====== EXTRACTED MATERIAL

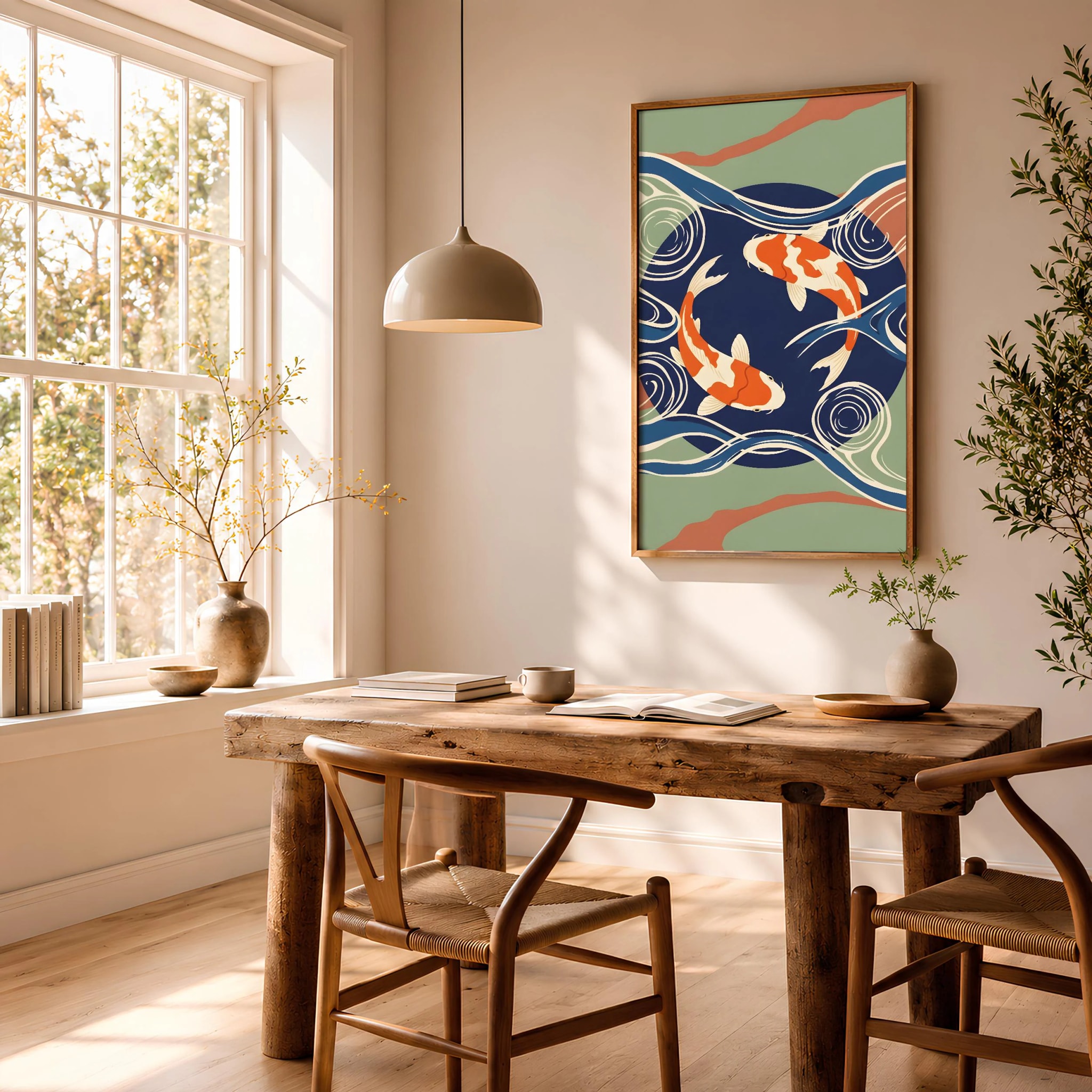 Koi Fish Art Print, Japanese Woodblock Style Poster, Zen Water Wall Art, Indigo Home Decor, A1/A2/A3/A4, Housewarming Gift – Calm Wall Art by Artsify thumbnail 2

============
====== EXTRACTED MATERIAL

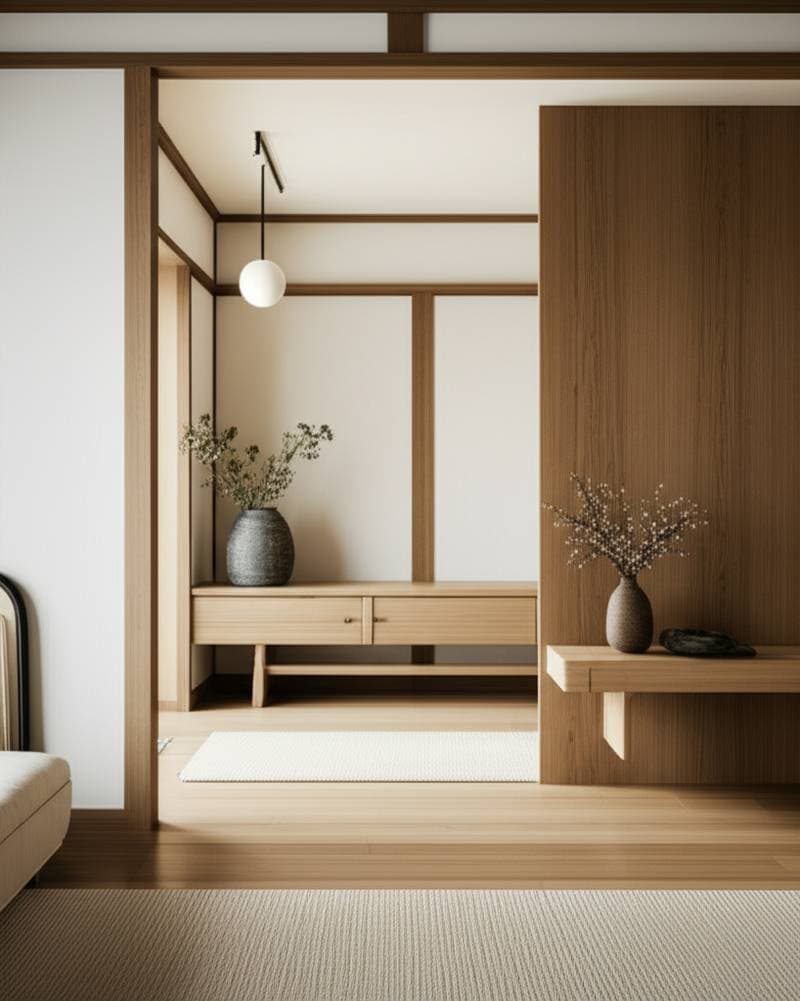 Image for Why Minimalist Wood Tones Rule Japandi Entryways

============
====== EXTRACTED MATERIAL

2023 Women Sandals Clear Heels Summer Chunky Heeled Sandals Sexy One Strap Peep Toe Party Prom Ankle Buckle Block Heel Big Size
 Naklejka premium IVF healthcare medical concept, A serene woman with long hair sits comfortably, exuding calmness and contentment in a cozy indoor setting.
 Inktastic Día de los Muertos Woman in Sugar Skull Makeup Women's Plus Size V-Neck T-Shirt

============

Among the entries above, copy exactly only the lines starting with the one containing "2023 Women Sandals" and going through the one containing "Inktastic Día de", both ends included.

▶ **WRITTEN ANSWER**
2023 Women Sandals Clear Heels Summer Chunky Heeled Sandals Sexy One Strap Peep Toe Party Prom Ankle Buckle Block Heel Big Size
 Naklejka premium IVF healthcare medical concept, A serene woman with long hair sits comfortably, exuding calmness and contentment in a cozy indoor setting.
 Inktastic Día de los Muertos Woman in Sugar Skull Makeup Women's Plus Size V-Neck T-Shirt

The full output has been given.